Aigner visited Great Barrington, Massachusetts, at the tail-end of the summer of 1954 and found harmony in this region of outstanding natural beauty. The Berkshires had long been the home of well-known figures in the arts. Nearby, Nathaniel Hawthorne wrote Tanglewood Tales, Anslin Phelps Stokes penned his monumental Church and State volumes and Herman Melville wrote Moby Dick. A few miles to the north is Tanglewood, where the Boston Symphony Orchestra gives concerts throughout the summer months. Yet another mid-European's wanderings were over when, the same year, at Great Barrington, he opened his commercial studio consisting of two floodlights and a Rolleiflex.

This peaceful studio was not the end of Aigner's European adventures, rather it became the centre of them. In 1970 he opened a battered old suitcase which had survived the Nazi occupation and been brought out of Paris by his brother, Etienne (better known for his exclusive leather goods), after the Liberation. Inside were about 50,000 negatives, the entire product of Aigner's European career. Finding this treasure trove coincided with an increased awareness and value of the photographic print and he began to develop his entire collection - about 100,000 negatives including his work in the United States - as a major source of historic documentation.
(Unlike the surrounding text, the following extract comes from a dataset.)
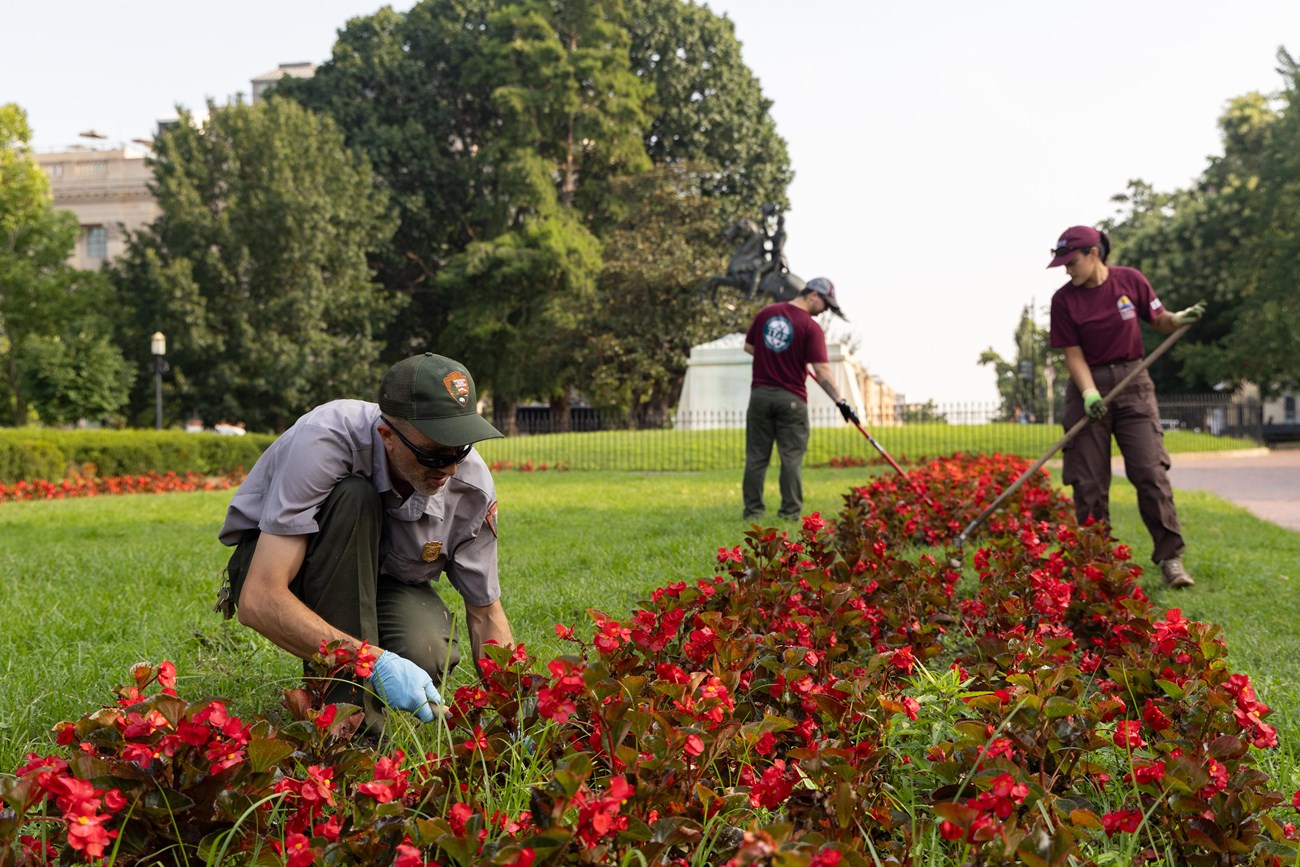 National Park Service Chief of Maintenance Park Scott Sommers and Traditional Trades Advancement Program interns Brenton Tate, center, and Kendall Soriano, right, remove weeds from flower beds near the White House in Washington, Tuesday, July 22, 2025.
"Pictures produce impact, writing adds meaning. Pictures without words are often ambiguous, words without pictures lame. To gather material for a written story requires painstaking, continuous effort in time while catching situations in pictures requires concentration on the instantaneous." Uniquely Lucien Aigner did both.

Ladislas (Lucien) Aigner, photojournalist: born Ersekujvr, Hungary 14 September 1901; twice married (two sons, two daughters); died Waltham, Massachusetts 29 March 1999.